Experiencing Intermittent 401 Unauthorized Errors from Kube API Server
Describe the bug
The Kubernetes JavaScript client library is employed in our Node.js application. Recently, experiencing intermittent 401 Unauthorized errors from the Kube API Server.
Error trace:
body: {
kind: 'Status',
apiVersion: 'v1',
metadata: {},
status: 'Failure',
message: 'Unauthorized',
reason: 'Unauthorized',
code: 401
}
Within the Node.js application, the logic involves listing the pods. Most of the time there were no errors observed, but sometimes this 401 error is thrown by the Kubernetes client. This issue began to be noticed following the latest Kubernetes upgrade, which went from version 1.22.1 to 1.24.4.

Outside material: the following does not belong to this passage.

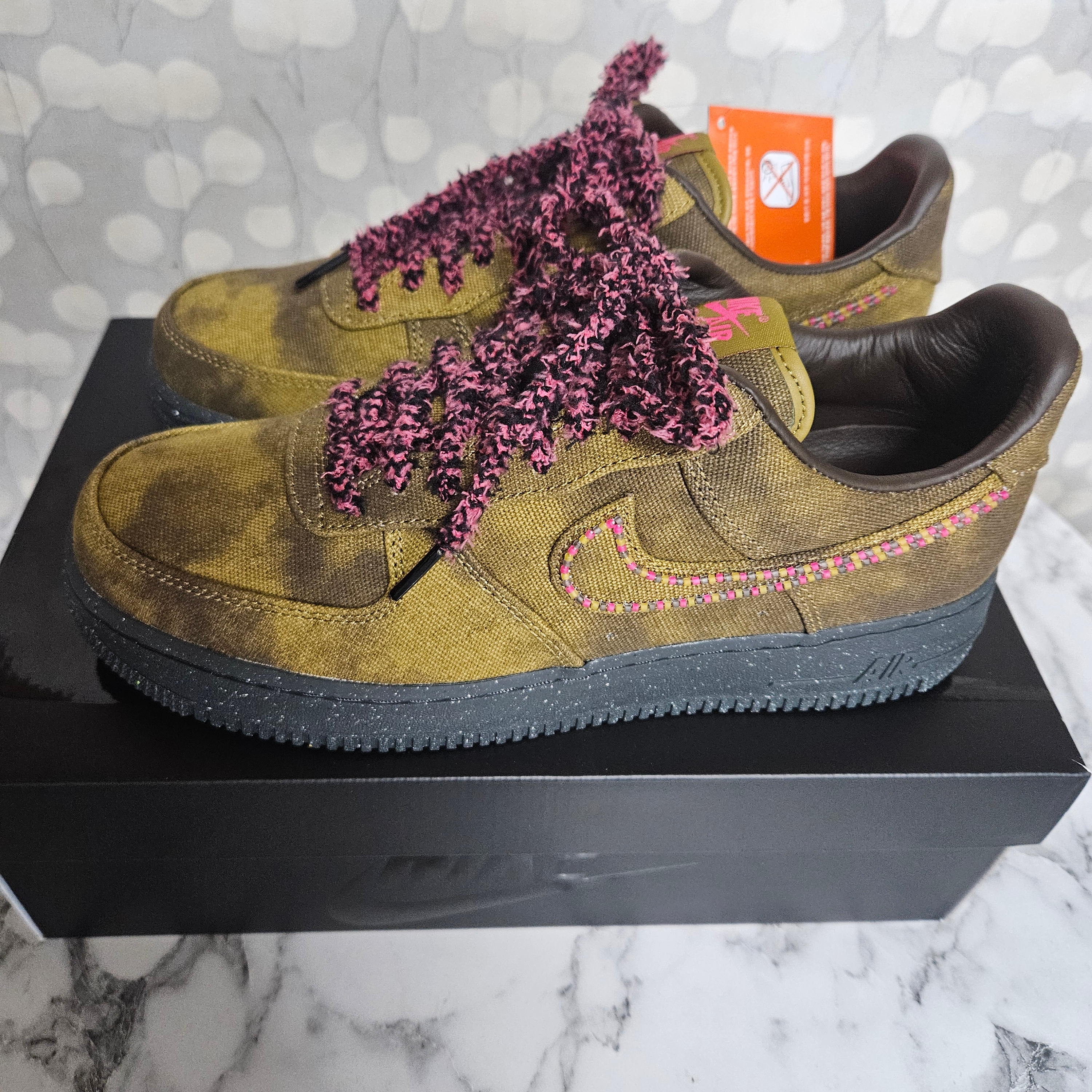 Nike Air Force 1 '07 Low Boucle Baroque Brown and Desert Moss 착용 스타일 - 1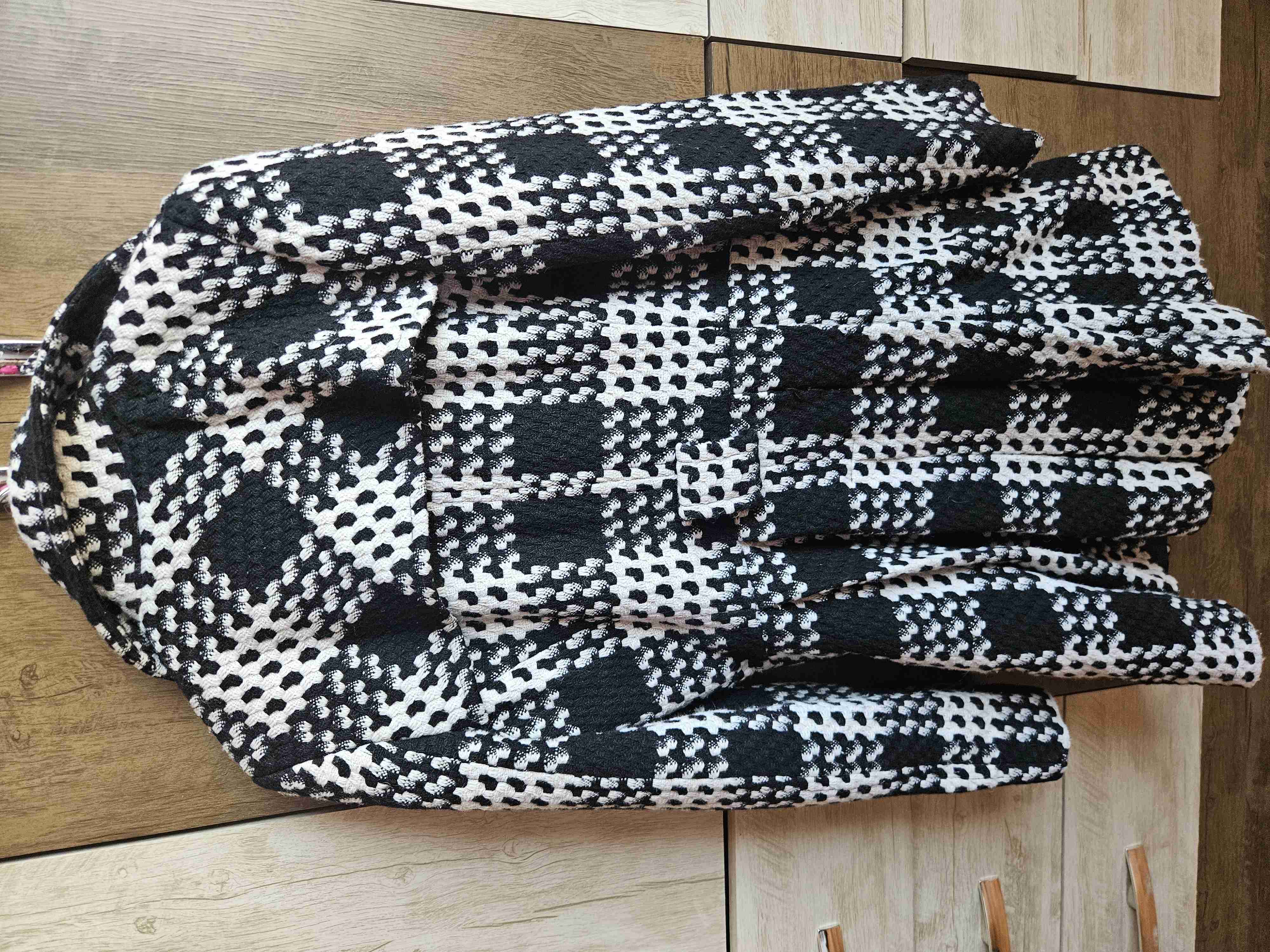 Abrigo de cuadros blanco y negro - miniatura 3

Initially, the suspicion was directed towards the Kubernetes service account token. This suspicion arose because, starting from Kubernetes version 1.24, the token is no longer mounted as a secret by default; instead, it is mounted inside the container and refreshed by the Kubelet every hour. In contrast, in the 1.22 version, this token was stored as a secret. we print the error stack trace in the app. By decoding the token that is passed as headers to the kube server, it is found that the token was generated a few seconds back and this happens intermittently when a new token is used after the token rotation every 1 hour.

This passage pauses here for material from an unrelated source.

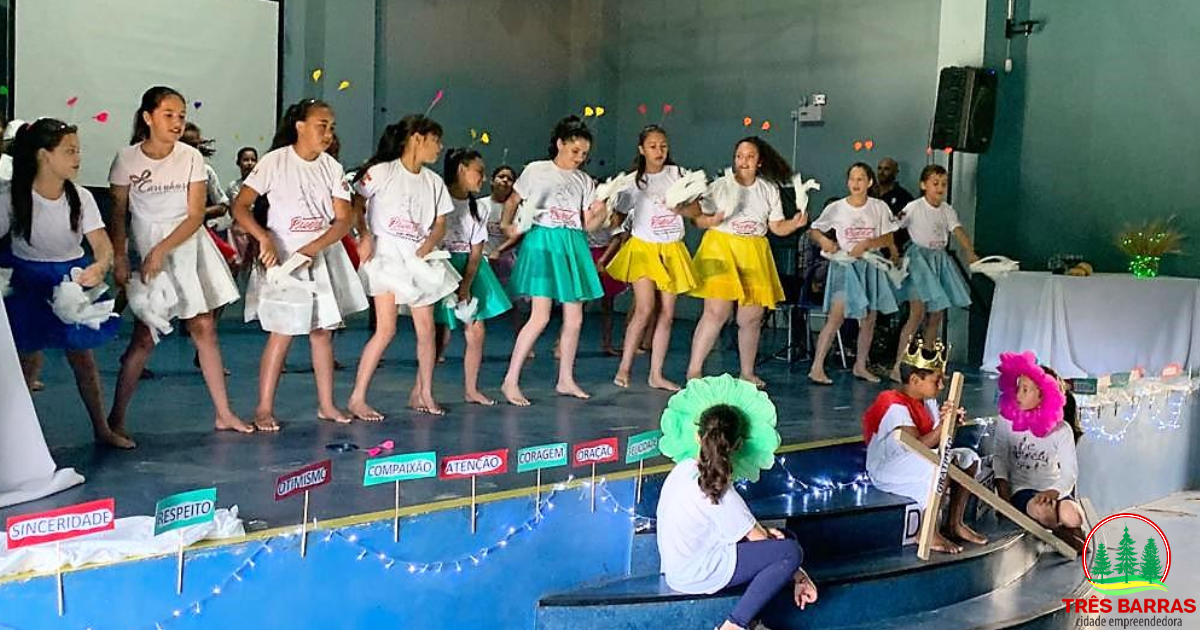 Evento marca comemorações do Dia de Ação de Graças da escola João Pacheco de Miranda Lima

However, upon further analysis, it became evident that this was not the root cause. This is because, for the most part, everything operates smoothly, and the occurrence of the 401 error appears to be sporadic and random.
Need help to find the concrete root cause of why this issue is happening.
Client Version
e.g. 0.16.3
Server Version
e.g. 1.24.4
Example Code sample code snippet, the error is thrown from line 5
1 let kubeConfig = new k8s.KubeConfig();
2 kubeConfig.loadFromDefault();
3 let kubeApi = kubeConfig.makeApiClient(k8s.CoreV1Api)
4 let labelSelector = 'app=' + appName;
5 let res = await kubeApi.listPodForAllNamespaces(false, null, 'status.phase=Running', labelSelector);
Environment (please complete the following information):
- OS: Linux
- NodeJS Version 12.22.12
- Cloud runtime : NA
There's a comment here: https://github.com/kubernetes-client/javascript/blob/master/src/file_auth.ts#L43
We only poll the file for changes every 60 seconds. That means that we likely cache the token across the token refresh and that may be too long.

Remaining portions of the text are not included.